INPUT RECORDS
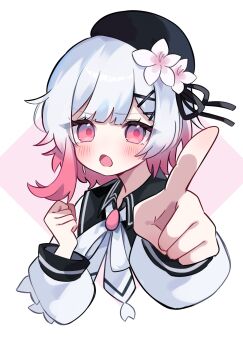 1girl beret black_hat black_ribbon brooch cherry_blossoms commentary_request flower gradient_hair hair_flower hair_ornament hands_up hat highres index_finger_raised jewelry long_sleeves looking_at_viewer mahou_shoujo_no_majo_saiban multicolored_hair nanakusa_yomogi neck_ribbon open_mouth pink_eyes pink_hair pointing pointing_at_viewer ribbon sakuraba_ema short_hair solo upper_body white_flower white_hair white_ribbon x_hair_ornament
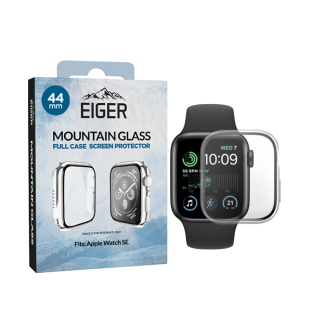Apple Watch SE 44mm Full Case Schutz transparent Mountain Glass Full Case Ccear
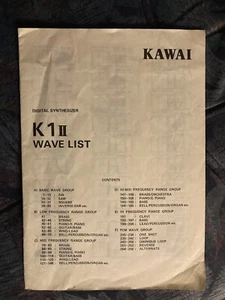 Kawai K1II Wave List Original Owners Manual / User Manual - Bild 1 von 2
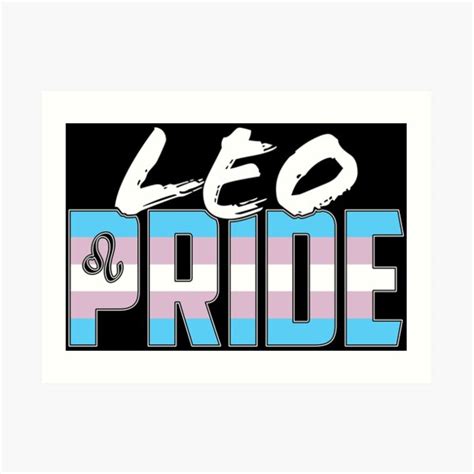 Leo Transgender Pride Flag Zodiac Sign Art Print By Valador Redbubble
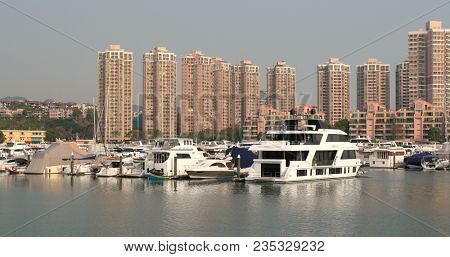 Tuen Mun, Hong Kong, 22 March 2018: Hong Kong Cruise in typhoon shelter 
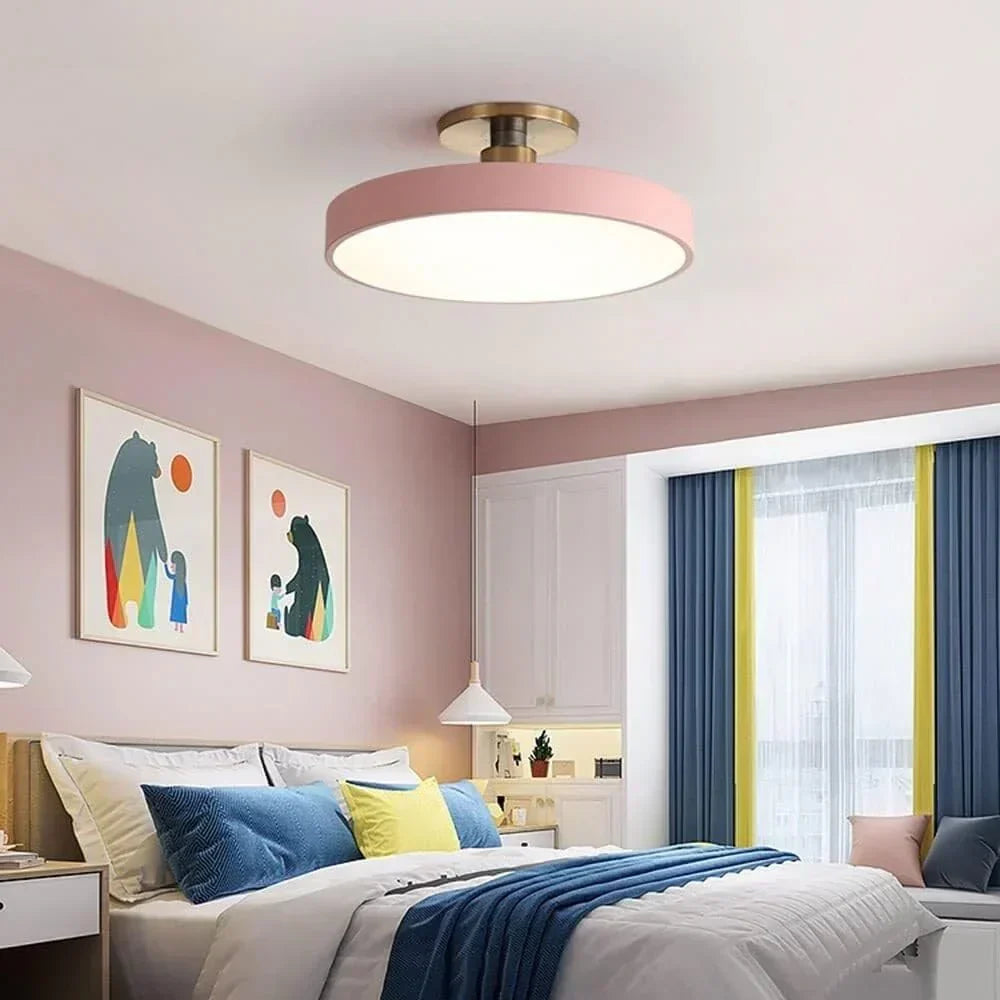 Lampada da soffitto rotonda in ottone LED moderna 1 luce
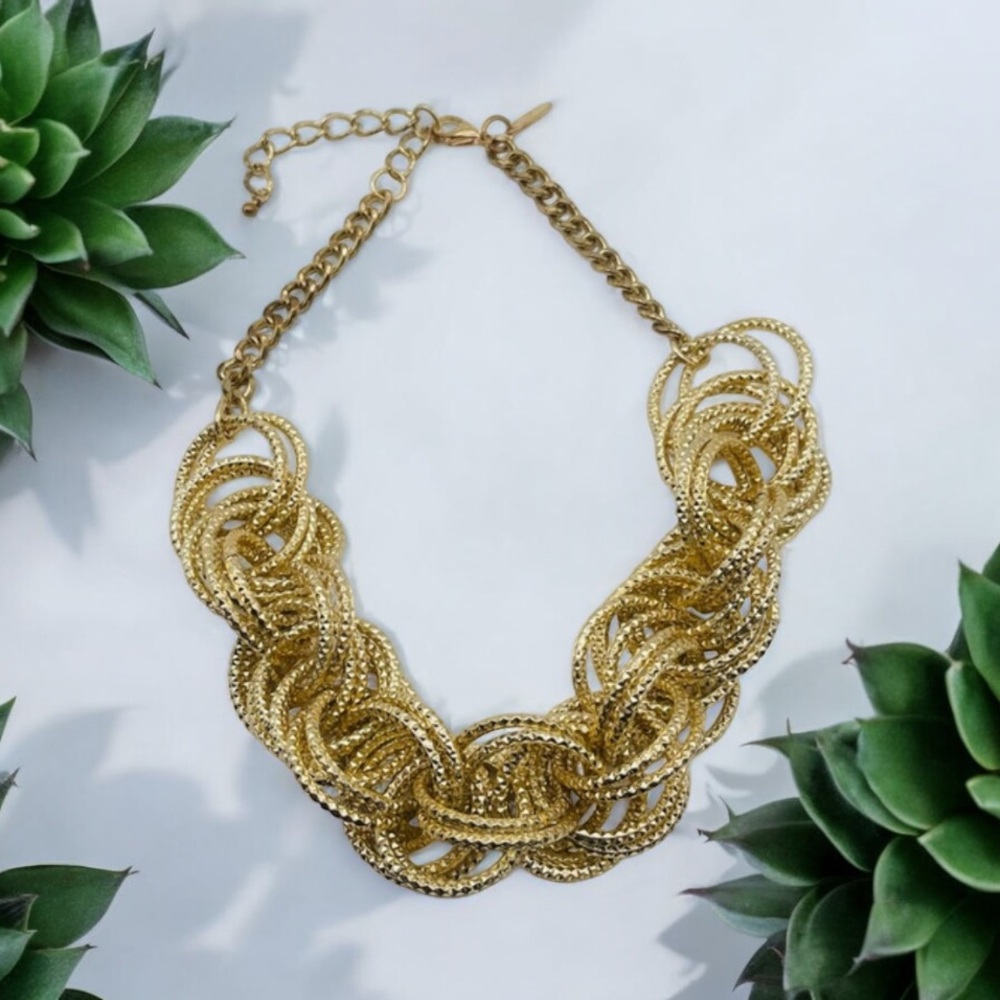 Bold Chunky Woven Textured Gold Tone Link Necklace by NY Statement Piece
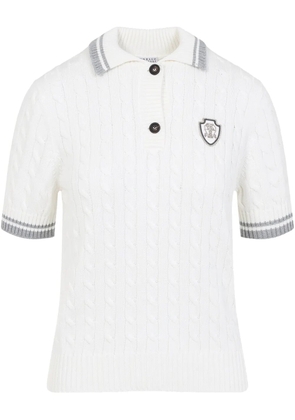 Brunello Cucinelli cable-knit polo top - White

WORK ITEM
Produce an exact copy of the lines from the line containing "Tuen Mun, Hong" to the end of the material, both ends included, and omit every picture.

FINAL ANSWER
 Tuen Mun, Hong Kong, 22 March 2018: Hong Kong Cruise in typhoon shelter 
 Lampada da soffitto rotonda in ottone LED moderna 1 luce
 Bold Chunky Woven Textured Gold Tone Link Necklace by NY Statement Piece
 Brunello Cucinelli cable-knit polo top - White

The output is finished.